Il est des montres dont on oublie souvent de dire combien elles bouleversent des codes que l’on croyait établis. Combien elles questionnent non pas notre rapport à l’horlogerie, art de l’hyperprécision mécanique, mais notre lien au temps, un mot, un concept plus élastique et relatif qu’il n’y paraît. Ne dit-on pas du reste que le temps presse, s’envole, file, s’écoule, se perd, se gagne et que, souvent, surtout, il nous manque.
Parmi ces créations, il y a par exemple, lancée en 2003, la Crazy Hours de Franck Muller avec ses cadrans aux index des heures totalement mélangés. Si le nom de la collection décrit bien son look, sa portée philosophique, elle, est plus mystérieuse. Malgré son allure décalée et onirique, la mesure et la lecture du temps n’y sont en effet pas perturbées. Grâce à un mécanisme d’heures sautantes, l’aiguille des heures passe de manière toujours adéquate d’un chiffre à l’autre, tandis que, plus traditionnelle, l’aiguille des minutes continue, imperturbable, sa course circulaire autour du cadran.
Affichage ludique et décalé? Oui. Mais aussi révolutionnaire, puisque bouleversant les usages, les traditions, les codes et les règles; il remet en cause un ordre établi, hérité de la rotation de la Terre autour du Soleil. Dans la même veine, citons également ici, toujours chez Franck Muller, la collection Secret Hours (bloquées à midi, les aiguilles des H et M n’affichent le temps que sur demande).

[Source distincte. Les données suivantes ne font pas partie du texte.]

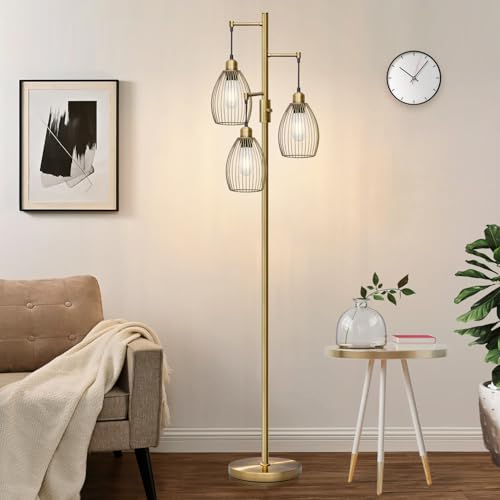 Image of Dimmable Floor Lamp, 3 x 800LM LED Edison Bulbs Included, Farmhouse Industrial Floor Lamp Standing Tree Lamp with Elegant Teardrop Cage Tall Lamps for Living Room Bedroom Office Dining Room-Brass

A mentionner aussi, chez Hermès, les six modèles Cape Cod H1 Grandes Heures (l’aiguille des H y avance plus ou moins vite sur certains secteurs des cadrans) ou encore les deux Arceaux Temps Suspendu (un poussoir permet d’en figer ou d’en libérer les aiguilles des H/M) avec date rétrograde escamotable pour l’un, trotteuse tournant à contresens sur 24 secondes pour l’autre.